Light House on Martha's Vineyard

There are five lighthouses on the Island:

West Chop Lighthouse East Chop Lighthouse Edgartown Lighthouse Gay Head Lighthouse                                                                                           Cape Poge Lighthouse
The West Chop Lighthouse, East Chop Lighthouse, Edgartown Lighthouse, Gay Head Lighthouse, and Cape Poge Lighthouse (Pictured from left to right). Images courtesy of Martha’s Vineyard Chamber of Commerce

Aren’t they all beautiful?!! I’m so sad we weren’t able to visit all of them. We only had time for one, the East Chop Lighthouse.

 

Gingerbread Houses Gingerbread houses

Another stop on our quick tour of the Island: the Gingerbread Houses! More than 300 Victorian Homes in Oaks Bluffs are known as the ‘Gingerbread Cottage Village,’ some of the cutest and most colorful homes you’ll ever see. Check out this Image Gallery from Country Living here). Once home to the Methodist Summer Camps, these darling cottages replaced the tents originally used.

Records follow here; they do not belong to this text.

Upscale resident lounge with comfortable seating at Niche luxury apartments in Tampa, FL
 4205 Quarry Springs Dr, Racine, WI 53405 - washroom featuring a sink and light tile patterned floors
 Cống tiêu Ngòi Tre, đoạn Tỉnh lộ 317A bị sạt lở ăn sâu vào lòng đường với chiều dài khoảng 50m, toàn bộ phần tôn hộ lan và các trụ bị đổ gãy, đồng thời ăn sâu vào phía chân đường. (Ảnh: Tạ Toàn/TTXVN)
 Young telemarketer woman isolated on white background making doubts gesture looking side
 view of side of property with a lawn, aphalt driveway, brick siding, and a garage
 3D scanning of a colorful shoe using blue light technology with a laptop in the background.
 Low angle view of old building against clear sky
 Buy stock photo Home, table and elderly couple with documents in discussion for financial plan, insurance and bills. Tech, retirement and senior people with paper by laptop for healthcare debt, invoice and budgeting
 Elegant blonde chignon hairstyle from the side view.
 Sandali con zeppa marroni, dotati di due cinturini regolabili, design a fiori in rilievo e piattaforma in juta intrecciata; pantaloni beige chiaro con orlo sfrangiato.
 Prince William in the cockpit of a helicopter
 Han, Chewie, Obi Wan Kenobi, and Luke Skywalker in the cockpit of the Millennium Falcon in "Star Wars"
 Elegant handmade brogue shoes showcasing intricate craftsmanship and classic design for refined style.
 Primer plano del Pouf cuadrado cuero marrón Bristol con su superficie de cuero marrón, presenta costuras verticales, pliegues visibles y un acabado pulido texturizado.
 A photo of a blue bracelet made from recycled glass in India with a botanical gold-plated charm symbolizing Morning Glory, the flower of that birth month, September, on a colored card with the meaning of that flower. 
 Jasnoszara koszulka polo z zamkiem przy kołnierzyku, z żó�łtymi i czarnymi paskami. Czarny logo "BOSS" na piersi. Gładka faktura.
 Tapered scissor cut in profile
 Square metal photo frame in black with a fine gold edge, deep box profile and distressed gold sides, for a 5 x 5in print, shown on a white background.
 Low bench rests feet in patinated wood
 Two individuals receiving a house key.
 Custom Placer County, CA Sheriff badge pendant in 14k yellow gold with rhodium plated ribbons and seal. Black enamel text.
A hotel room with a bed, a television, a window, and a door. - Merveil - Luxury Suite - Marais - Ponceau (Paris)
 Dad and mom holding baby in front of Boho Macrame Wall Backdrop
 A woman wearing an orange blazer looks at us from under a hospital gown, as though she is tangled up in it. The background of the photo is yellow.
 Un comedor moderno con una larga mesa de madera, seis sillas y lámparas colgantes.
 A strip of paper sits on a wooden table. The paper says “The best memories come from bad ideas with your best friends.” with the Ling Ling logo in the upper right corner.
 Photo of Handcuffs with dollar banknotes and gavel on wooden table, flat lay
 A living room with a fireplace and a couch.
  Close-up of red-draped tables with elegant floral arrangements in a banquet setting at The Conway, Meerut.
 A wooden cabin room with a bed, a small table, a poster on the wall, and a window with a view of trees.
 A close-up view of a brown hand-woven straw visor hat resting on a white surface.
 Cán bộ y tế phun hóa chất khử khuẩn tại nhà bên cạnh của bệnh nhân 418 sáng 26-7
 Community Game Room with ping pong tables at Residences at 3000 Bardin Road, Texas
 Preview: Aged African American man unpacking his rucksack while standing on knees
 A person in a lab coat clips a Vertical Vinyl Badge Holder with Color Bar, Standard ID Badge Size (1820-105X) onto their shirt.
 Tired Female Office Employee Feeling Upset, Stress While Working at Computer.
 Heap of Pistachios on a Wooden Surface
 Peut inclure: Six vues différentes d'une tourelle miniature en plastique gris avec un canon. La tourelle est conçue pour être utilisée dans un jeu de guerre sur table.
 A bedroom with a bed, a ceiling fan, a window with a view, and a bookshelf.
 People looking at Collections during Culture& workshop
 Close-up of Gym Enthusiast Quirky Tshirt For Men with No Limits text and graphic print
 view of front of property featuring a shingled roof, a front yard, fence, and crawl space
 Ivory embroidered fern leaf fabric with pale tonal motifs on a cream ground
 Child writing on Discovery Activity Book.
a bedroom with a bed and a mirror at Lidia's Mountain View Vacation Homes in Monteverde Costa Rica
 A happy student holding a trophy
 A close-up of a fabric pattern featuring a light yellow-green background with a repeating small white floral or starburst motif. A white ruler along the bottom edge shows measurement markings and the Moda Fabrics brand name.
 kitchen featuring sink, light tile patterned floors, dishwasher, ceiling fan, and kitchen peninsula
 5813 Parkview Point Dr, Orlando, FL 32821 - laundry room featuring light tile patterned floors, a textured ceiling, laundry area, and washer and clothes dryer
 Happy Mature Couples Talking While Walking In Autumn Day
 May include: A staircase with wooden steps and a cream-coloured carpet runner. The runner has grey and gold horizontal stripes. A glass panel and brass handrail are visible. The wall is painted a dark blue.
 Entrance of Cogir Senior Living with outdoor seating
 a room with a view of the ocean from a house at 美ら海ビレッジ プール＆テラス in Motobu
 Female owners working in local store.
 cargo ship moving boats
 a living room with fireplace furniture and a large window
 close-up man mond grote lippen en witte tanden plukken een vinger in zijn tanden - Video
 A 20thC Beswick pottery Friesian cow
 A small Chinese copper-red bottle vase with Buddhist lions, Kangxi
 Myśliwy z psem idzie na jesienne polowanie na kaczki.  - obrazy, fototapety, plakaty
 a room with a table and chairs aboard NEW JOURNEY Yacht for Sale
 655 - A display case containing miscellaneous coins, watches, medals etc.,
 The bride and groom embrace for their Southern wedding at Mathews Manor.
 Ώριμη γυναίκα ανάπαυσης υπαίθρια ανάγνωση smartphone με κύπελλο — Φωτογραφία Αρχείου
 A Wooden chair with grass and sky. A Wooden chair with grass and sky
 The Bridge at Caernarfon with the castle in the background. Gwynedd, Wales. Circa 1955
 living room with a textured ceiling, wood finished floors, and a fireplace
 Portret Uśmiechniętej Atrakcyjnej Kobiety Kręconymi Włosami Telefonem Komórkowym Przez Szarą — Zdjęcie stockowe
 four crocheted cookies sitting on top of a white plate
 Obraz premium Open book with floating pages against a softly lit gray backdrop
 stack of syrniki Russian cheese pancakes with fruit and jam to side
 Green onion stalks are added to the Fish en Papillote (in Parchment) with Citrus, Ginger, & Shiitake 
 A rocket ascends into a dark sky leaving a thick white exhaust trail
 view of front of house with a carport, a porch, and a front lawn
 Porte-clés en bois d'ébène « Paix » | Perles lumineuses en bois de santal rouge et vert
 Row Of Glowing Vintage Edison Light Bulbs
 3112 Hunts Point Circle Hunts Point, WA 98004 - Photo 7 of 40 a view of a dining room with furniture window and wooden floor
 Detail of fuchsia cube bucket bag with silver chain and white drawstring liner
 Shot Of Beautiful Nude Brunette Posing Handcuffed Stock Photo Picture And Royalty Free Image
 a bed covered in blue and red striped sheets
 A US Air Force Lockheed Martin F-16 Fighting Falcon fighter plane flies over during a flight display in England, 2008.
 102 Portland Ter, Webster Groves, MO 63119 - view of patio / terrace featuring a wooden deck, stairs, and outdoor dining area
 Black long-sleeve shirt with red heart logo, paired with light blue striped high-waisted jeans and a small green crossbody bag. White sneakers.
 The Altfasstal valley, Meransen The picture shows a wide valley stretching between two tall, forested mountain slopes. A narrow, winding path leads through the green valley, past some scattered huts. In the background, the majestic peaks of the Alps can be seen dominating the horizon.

During the summer, there is even a special day where, for a fee of about $30, you can tour six of these homes (aren’t you dying to get a peak inside??) and includes a treat. Find more about this one day special event here. There is a museum as well that is open during the entire summer season and gives you a glimpse of what life on the campgrounds in the 1800s would have been like. Find more information about the Cottage Museum and Shop here.

Flying Horses

Maybe the only bummer about traveling in the off season to this most ‘summery’ Island, was that we missed out on riding the Flying Horses Carousel (only open on weekends during off-peak). This is the nation’s oldest carousel, originating from Coney Island, New York. It costs about $2.50 to go ’round and ’round. Find more information here.

Martha's Vineyard Shopping

We grabbed some delicious ice cream from Ben and Bill’s Chocolate Emporium and ate it outside, pretending it was about 30 degrees warmer and easily imagined what summers must be like on the Island.

Ben and Bill's Chocolate Emporium

Popcorn on Martha's Vineyard

The many different shops were charming and fun to explore.

Martha's Vineyard Ferry

And thankfully, we did make it on time for our return ferry. The vessel is very large, filled with tables and soft seats. If you’re worried about sea sickness, it traveled just slow enough that we didn’t feel any effects (unlike our Whale-Watching Cruise– haha!). There are restrooms, snack bars, free wi-fi, tv, etc. Our kids did great round trip. I know I’ve typed this a few times, but we definitely hope to go back and spend a few days on the Island, hopefully during the summer- crowds and all!